Results: During the study period 2780 neuraxial techniques were performed (853 Epi; 1927 CSE), with no demographic differences between the groups (Table 1). A total of 38 CSE (1.97%) and 40 Epi (4.69%) catheters were replaced during labor (P < 0.001). 488 patients (310 CSE; 178 Epi, P=0.002) required extension of the epidural for CD. FCs during CD were 26 CSE (8.4%) and 18 Epi (10.1%) catheters, P = 0.314. CDs that were classified as stat/emergent with insufficient time to allow epidural catheter dosing were excluded from the CD FC analysis.

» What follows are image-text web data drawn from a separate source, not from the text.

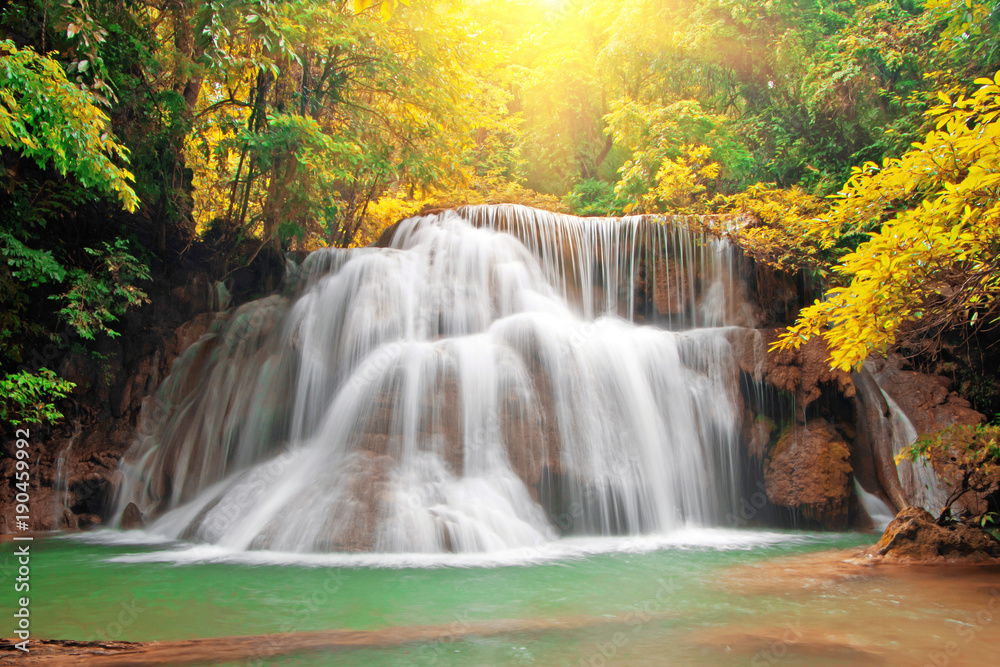 Waterfall with sunray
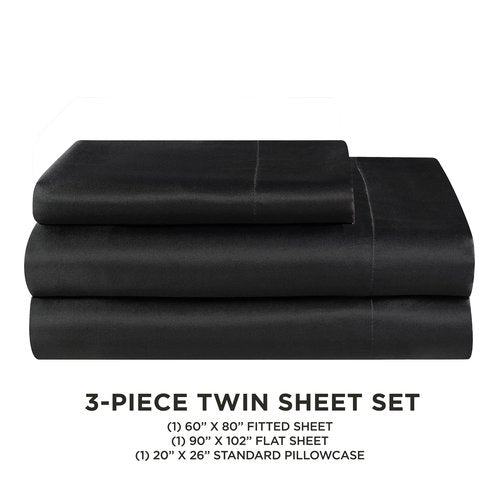 Juicy Couture Twin Size Satin Bed Sheet Set, Deep Pocket Silky Twin Sheet Set with 1 Fitted Sheet, 1 Flat Sheet and 1 Pillow Case, Wrinkle Resistant and Anti Pilling Bed Sheets - Black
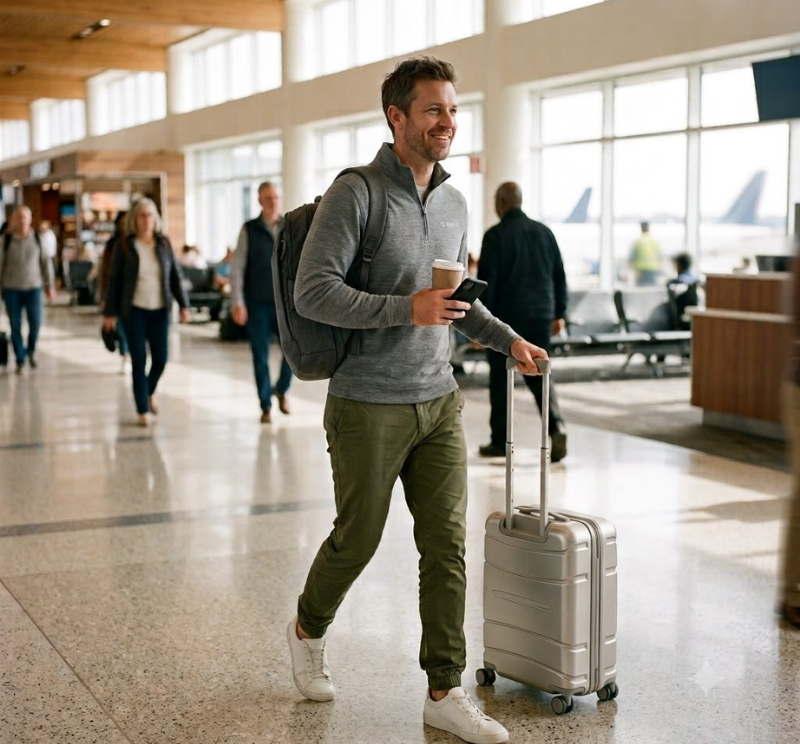 Business traveler wearing a premium HALO quarter-zip while walking through an airport with a backpack and carry-on suitcase.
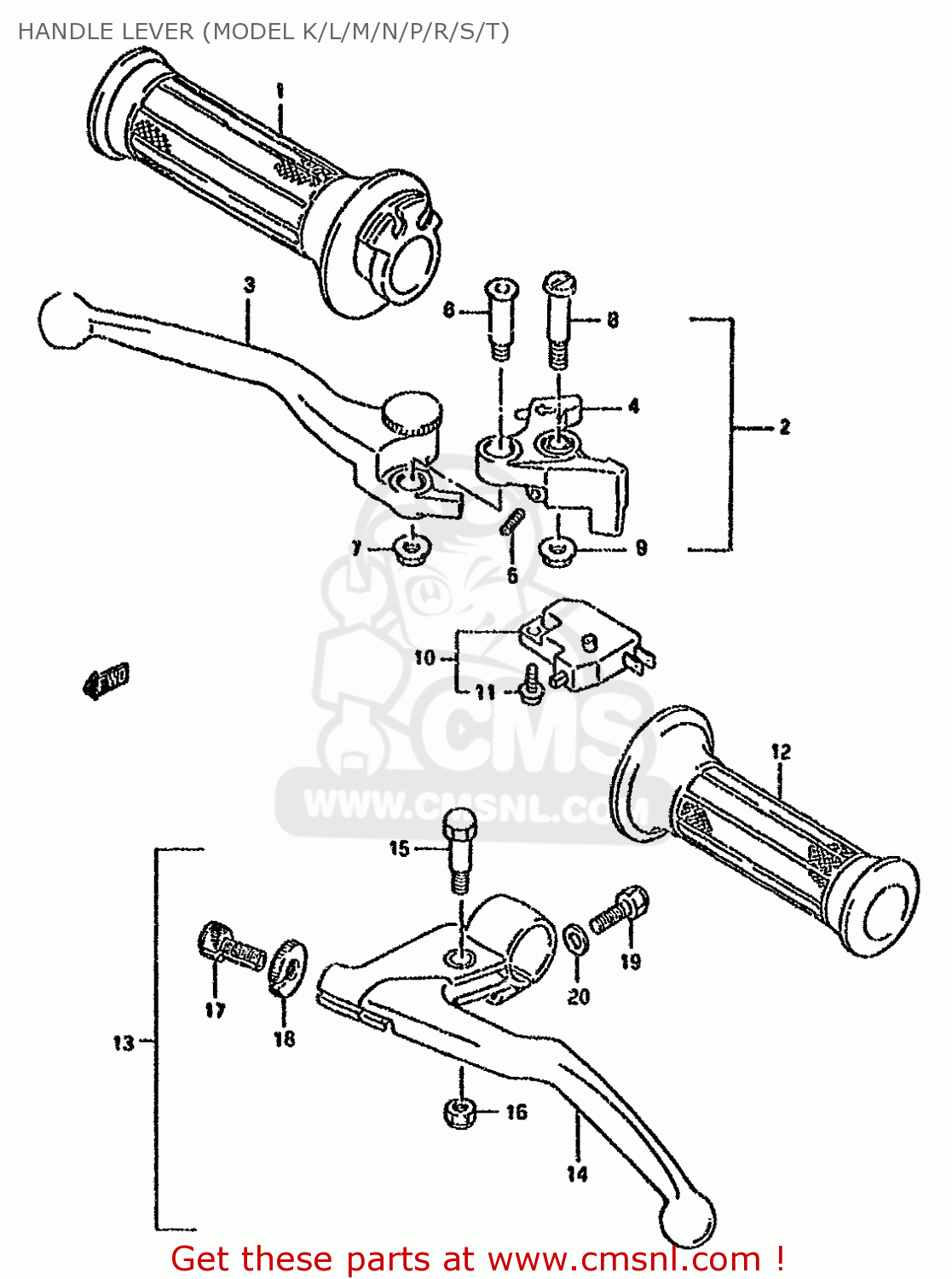 HANDLE LEVER (MODEL K/L/M/N/P/R/S/T) GSX600FU2 1990 (L) GERMANY (E22)
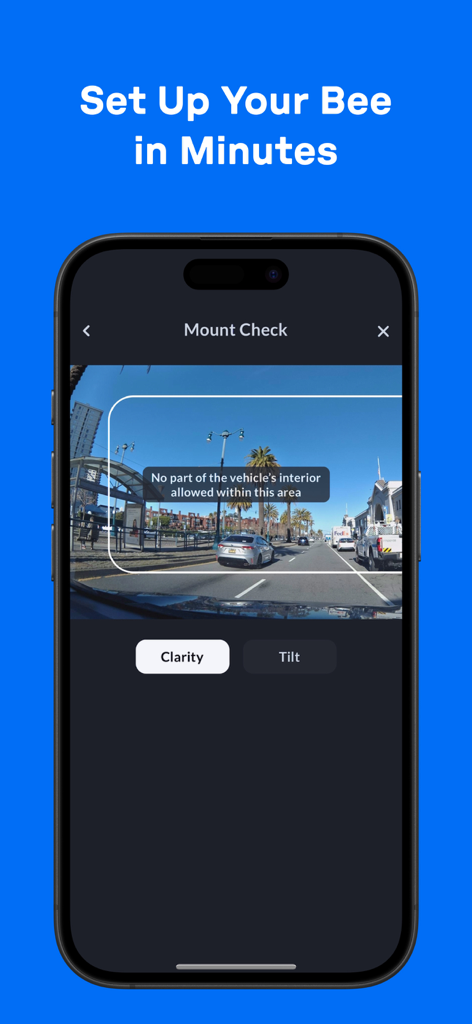 Bee Maps: Drive, Earn, Fun - Écran de smartphone montrant l'interface de configuration de la dashcam et de vérification du montage pour l'application Bee Maps.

Conclusion: Reported FC rates vary from 1.6%1 to up to 6.8%2 or higher, depending on physician experience and practice setting. Our data demonstrates that failure rates during labor are lower with CSE than with traditional EPI. The confirmation of needle location with cerebrospinal fluid backflow via the spinal needle after using a loss of resistance (LOR) technique is less subjective than the LOR technique alone. This may be particularly true when procedures are performed by residents. Limitations of our study and analysis include that technique was not randomized, and that we did not collect data regarding the level of experience of the physician performing the technique.
1. Gambling D. Anesth Analg 2013;116:636–43.
2. Pan PH. Int J Obstet Anesth 2004;13:227–33.